一方、法科大学院修了の資格で受験する側の立場からみると、従来は、予備組は選択科目が手薄だという優位点がありました。今後は、予備組も選択科目を事前に学習して来るので、その優位点は消えることになります。他方、予備試験の選択科目の試験問題が過去問として蓄積するので、選択科目の演習の素材が増えるという点は、良いことかもしれません。
3.なお、この点について、意見募集(パブリックコメント)の手続が行われています(令和2年9月16日(水)から同年10月15日(木)まで。窓口はこちら。)。

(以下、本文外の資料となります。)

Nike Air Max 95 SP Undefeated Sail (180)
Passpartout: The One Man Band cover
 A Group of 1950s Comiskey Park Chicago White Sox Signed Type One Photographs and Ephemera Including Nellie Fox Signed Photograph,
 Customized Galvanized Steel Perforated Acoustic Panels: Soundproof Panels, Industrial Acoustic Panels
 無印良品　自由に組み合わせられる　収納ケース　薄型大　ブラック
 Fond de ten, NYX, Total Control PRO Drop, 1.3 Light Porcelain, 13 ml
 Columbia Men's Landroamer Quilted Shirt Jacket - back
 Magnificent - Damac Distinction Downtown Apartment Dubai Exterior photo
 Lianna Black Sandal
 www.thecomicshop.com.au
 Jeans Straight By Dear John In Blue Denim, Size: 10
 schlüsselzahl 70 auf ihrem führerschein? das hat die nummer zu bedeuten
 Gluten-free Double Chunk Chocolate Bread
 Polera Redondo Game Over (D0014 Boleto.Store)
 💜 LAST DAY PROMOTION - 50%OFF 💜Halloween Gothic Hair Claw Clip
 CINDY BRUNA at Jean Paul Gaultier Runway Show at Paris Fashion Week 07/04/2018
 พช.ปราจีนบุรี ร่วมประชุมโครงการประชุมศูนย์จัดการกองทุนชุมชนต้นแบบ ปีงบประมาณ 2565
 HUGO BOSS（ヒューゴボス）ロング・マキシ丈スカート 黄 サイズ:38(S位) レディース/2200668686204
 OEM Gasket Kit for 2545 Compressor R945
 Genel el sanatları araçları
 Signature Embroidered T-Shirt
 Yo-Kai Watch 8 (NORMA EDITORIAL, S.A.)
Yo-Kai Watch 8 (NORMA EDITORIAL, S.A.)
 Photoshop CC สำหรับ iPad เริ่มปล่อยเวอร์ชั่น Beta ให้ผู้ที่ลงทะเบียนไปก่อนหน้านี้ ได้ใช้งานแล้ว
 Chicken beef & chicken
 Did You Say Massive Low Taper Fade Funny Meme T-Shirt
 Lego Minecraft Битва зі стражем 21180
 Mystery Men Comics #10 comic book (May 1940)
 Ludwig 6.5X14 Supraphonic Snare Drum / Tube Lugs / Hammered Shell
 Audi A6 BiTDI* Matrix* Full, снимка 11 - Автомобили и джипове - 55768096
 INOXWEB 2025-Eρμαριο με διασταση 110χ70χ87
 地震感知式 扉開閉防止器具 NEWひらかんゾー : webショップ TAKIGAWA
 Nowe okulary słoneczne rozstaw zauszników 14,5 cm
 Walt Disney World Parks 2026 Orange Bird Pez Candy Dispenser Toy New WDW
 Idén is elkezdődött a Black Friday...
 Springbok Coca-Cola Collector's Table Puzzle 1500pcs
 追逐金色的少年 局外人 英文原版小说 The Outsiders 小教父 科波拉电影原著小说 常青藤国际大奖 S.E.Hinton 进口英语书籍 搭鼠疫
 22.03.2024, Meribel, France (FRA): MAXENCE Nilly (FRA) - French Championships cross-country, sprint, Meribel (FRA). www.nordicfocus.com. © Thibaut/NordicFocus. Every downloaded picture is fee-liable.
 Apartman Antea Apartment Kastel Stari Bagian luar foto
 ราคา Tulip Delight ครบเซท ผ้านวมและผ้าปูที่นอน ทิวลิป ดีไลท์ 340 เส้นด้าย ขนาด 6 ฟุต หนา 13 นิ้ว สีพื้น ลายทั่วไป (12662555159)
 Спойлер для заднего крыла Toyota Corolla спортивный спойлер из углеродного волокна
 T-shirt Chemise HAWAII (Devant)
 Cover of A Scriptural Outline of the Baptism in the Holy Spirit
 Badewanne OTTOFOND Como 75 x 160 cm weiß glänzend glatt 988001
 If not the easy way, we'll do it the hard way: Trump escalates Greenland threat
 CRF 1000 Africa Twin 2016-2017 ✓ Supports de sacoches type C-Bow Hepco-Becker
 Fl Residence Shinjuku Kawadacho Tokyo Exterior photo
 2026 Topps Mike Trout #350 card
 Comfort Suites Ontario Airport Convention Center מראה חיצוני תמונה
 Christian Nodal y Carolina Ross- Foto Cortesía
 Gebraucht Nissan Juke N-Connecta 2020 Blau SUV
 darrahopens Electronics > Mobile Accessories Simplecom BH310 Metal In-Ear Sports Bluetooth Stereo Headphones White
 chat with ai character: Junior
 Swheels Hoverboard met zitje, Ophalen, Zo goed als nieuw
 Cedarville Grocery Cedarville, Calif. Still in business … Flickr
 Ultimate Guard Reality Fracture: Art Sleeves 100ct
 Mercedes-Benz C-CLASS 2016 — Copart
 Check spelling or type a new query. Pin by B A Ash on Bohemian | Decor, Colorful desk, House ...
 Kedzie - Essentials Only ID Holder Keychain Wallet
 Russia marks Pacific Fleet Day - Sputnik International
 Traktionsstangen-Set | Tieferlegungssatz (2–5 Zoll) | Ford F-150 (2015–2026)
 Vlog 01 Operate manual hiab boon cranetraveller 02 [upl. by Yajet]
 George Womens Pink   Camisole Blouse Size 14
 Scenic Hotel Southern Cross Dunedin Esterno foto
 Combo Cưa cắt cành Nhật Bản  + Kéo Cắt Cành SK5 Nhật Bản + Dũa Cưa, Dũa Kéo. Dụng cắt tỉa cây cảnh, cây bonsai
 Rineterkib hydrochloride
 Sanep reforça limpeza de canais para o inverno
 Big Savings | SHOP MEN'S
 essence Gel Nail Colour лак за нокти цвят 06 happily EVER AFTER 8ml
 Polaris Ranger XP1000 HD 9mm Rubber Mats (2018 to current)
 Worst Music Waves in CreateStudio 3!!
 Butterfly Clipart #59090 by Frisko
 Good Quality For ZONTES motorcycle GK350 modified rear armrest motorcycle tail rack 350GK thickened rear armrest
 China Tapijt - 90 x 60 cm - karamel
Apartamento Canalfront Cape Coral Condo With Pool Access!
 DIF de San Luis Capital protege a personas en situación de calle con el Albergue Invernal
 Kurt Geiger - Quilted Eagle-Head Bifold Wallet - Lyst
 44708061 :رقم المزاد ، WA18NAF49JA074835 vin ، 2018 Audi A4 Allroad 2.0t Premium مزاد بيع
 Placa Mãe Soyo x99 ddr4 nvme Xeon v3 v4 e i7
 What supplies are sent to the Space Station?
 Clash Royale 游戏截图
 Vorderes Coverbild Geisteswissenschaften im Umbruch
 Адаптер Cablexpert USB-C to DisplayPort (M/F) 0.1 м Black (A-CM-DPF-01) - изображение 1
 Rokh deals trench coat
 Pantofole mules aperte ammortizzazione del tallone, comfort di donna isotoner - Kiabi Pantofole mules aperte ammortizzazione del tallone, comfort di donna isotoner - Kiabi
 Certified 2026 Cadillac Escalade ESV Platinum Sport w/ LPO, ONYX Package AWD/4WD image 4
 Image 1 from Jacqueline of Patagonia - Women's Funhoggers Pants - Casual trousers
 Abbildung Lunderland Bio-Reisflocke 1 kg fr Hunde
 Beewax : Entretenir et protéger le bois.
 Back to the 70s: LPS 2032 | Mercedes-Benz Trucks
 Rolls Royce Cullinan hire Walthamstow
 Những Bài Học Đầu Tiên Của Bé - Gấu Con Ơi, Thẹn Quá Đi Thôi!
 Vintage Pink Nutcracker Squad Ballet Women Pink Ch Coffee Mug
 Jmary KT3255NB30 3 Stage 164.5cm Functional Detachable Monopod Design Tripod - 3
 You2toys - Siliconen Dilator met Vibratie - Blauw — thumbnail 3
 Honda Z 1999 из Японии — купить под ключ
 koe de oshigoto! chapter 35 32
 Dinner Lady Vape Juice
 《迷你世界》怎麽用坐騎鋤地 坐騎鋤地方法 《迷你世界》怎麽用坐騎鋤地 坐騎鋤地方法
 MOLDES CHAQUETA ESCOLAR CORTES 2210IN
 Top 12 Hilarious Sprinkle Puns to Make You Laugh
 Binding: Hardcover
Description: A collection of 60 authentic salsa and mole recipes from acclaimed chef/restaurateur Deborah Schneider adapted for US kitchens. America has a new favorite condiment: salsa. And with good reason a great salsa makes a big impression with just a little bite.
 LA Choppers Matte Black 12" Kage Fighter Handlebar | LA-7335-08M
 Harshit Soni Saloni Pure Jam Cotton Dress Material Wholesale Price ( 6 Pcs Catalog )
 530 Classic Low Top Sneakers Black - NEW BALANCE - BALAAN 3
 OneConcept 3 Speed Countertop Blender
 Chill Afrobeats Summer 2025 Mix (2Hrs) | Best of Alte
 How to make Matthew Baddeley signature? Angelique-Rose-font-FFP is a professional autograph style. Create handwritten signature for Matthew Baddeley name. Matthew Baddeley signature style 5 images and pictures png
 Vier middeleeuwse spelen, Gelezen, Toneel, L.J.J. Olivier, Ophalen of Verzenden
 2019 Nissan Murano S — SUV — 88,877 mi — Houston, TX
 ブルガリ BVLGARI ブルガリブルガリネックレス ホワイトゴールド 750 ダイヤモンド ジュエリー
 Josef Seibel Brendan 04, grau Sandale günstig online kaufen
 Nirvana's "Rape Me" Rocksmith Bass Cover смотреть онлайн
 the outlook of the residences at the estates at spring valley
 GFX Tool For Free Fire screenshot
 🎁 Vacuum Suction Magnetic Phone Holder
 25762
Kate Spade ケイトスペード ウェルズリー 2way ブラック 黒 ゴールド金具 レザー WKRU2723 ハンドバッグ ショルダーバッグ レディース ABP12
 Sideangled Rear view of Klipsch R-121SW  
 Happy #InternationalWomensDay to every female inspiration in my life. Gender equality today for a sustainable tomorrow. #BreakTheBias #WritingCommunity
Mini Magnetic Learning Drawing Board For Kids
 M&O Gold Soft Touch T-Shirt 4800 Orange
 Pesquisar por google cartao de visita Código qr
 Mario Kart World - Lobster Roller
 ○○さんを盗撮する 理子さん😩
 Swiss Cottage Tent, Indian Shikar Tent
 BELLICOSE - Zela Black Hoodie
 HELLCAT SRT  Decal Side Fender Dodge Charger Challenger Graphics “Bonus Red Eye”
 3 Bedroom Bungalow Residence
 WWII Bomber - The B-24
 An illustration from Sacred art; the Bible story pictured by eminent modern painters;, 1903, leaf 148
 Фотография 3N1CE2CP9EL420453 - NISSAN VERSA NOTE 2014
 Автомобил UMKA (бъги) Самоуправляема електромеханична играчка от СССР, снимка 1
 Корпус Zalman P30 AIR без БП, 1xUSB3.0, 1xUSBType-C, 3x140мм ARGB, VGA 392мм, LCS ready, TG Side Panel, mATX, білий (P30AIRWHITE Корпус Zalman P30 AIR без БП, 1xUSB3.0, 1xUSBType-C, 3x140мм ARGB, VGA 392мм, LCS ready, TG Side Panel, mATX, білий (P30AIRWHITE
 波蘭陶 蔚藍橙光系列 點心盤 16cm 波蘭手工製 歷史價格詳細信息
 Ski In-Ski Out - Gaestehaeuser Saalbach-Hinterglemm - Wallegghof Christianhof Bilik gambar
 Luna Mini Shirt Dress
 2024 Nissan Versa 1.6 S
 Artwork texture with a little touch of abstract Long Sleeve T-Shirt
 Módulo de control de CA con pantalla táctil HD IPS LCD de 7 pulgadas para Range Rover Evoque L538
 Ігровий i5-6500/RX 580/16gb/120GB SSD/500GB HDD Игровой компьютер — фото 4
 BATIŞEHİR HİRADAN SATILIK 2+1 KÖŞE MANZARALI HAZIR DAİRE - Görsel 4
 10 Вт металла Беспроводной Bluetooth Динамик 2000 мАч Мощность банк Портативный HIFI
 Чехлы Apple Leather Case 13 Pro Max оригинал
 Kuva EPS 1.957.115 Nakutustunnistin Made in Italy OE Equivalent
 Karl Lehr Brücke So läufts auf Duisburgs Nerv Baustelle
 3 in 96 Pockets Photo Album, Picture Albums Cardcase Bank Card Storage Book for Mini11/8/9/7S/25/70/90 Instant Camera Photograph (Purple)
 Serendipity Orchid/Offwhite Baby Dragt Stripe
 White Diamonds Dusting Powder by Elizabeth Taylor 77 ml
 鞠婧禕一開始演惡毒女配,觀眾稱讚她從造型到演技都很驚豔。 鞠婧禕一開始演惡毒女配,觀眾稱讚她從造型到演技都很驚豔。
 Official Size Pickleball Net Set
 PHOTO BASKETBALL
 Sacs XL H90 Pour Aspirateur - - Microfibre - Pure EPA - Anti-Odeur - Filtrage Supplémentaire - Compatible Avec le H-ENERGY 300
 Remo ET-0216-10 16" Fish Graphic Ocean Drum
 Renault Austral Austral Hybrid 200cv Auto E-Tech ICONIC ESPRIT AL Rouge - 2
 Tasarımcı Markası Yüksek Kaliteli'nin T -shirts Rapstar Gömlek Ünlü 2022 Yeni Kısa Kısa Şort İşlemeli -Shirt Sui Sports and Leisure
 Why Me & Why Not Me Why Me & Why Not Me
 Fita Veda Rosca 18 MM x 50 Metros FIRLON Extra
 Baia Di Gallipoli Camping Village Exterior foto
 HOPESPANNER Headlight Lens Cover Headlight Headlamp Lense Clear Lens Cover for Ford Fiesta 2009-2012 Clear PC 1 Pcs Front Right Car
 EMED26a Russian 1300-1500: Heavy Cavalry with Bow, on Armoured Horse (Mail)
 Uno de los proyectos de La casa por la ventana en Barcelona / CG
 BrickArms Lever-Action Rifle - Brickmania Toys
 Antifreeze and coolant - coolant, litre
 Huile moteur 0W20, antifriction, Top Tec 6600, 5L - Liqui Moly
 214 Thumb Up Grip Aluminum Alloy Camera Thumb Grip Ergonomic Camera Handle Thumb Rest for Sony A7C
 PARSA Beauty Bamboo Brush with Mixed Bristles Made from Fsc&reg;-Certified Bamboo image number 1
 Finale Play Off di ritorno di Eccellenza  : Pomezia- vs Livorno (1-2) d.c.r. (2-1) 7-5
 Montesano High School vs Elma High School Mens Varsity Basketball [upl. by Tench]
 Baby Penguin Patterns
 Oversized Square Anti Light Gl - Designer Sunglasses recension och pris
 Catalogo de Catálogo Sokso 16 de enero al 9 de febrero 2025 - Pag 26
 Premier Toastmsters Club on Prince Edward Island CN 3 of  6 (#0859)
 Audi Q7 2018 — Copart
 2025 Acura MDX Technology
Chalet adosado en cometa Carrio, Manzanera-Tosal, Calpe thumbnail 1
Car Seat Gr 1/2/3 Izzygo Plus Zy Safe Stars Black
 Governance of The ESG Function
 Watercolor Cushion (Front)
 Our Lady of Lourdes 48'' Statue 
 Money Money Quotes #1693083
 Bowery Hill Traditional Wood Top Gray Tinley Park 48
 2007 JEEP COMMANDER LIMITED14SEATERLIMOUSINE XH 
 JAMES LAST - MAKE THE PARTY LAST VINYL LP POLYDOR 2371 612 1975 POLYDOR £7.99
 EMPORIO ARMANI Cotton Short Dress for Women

(司法試験委員会会議(第157回)議事要旨より引用。太字強調は筆者。)
【佐伯委員長】
過去に司法試験の選択科目についての答申をするに当たっては,意見募集を行っているとのことですので,今回の司法試験予備試験論文式試験の選択科目に関しても,先ほどの8科目を選定することについて意見募集を行い,その意見を踏まえて答申案を検討していくということでいかがでしょうか。
(一同了承)
【佐伯委員長】
それでは,そのように進めます。
(引用終わり)
反対意見があったからといって、選択科目の内容が変わるということはないだろうと思いますが、どうしても言いたいことがある、という人は、意見を送ってみてもよいかもしれません。